Introduction

“And whatsoever I shall see or hear in the course of my profession, […] if it be what should not be published abroad, I will never divulge, holding such things to be holy secrets.”1

Hippocratic Oath

Surgical video analysis facilitates education (review of critical situations and individualized feedback)2,3, credentialing (video-based assessment)4 and research (standardization of surgical technique in multicenter trials5, surgical skill assessment)6,7. Despite its increasing use, the full potential of surgical video analysis has not been leveraged so far, as manual case review is time-consuming, costly, needs expert knowledge and raises privacy concerns.

Therefore, surgical data science approaches have been adopted recently to automate surgical video analysis. Artificial intelligence (AI) models have been trained to recognize phases of an intervention8,9,10, tools8,11 and actions12 in surgical videos. This allows for down-stream applications like the estimation of the remaining surgery duration13, automated documentation of critical events14, assessment of surgical skill15 and safety check-point achievement16, or intraoperative guidance17.

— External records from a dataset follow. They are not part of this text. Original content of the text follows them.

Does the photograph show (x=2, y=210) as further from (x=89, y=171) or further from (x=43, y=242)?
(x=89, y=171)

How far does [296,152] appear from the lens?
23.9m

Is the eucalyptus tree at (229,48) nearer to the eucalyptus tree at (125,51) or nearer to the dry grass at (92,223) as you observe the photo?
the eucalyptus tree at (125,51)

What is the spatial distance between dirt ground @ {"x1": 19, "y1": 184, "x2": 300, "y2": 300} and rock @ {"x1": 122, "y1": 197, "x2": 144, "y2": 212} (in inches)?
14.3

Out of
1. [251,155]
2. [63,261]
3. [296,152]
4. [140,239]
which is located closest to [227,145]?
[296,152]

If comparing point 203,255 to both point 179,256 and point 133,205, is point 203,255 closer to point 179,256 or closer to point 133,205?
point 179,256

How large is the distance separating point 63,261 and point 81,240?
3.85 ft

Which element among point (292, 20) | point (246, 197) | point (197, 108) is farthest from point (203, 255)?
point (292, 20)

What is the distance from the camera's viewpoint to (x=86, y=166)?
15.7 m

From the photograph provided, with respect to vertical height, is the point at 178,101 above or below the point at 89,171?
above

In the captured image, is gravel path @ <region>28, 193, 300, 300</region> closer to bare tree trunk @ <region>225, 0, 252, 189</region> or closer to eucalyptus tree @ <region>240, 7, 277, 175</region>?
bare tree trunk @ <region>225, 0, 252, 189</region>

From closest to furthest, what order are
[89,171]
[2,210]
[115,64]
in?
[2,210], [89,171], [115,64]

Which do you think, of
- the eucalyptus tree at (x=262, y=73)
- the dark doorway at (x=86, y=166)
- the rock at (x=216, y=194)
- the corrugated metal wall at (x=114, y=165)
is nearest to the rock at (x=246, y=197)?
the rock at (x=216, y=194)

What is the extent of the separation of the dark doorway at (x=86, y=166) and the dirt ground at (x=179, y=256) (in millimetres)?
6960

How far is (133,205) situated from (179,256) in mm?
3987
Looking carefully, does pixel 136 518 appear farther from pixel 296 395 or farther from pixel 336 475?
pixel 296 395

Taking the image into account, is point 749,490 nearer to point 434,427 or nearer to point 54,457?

AI will continue to reduce the costs and time constraints of experts reviewing surgical videos. However, the privacy concerns regarding the recording, storing, handling, and publication of patient video data have not been extensively addressed so far. The physician–patient privilege originating from the Hippocratic Oath, protects medical data and the identity of patients from legal inquiry. A breach of medical confidentiality by medical staff is prosecutable in most countries. Endoscopic videos which are recorded while the patient is under narcosis in the operating room (OR) are particularly sensitive. They often contain scenes of the OR that could potentially reveal sensitive information such as the identity of patients or OR staff. Moreover, if clocks or calendars present in the room are captured in the video, the time or date of the respective intervention can be identified. Information about the date and time of an operation, facilitates identification of the patient undergoing surgery. These scenes recorded outside of the patient’s body are referred to as out-of-body scenes. If video recording has already been started before the endoscope is introduced into the patient, has not been stopped after the surgery was terminated or every time the endoscope is cleaned during surgery, out-of-body scenes are captured.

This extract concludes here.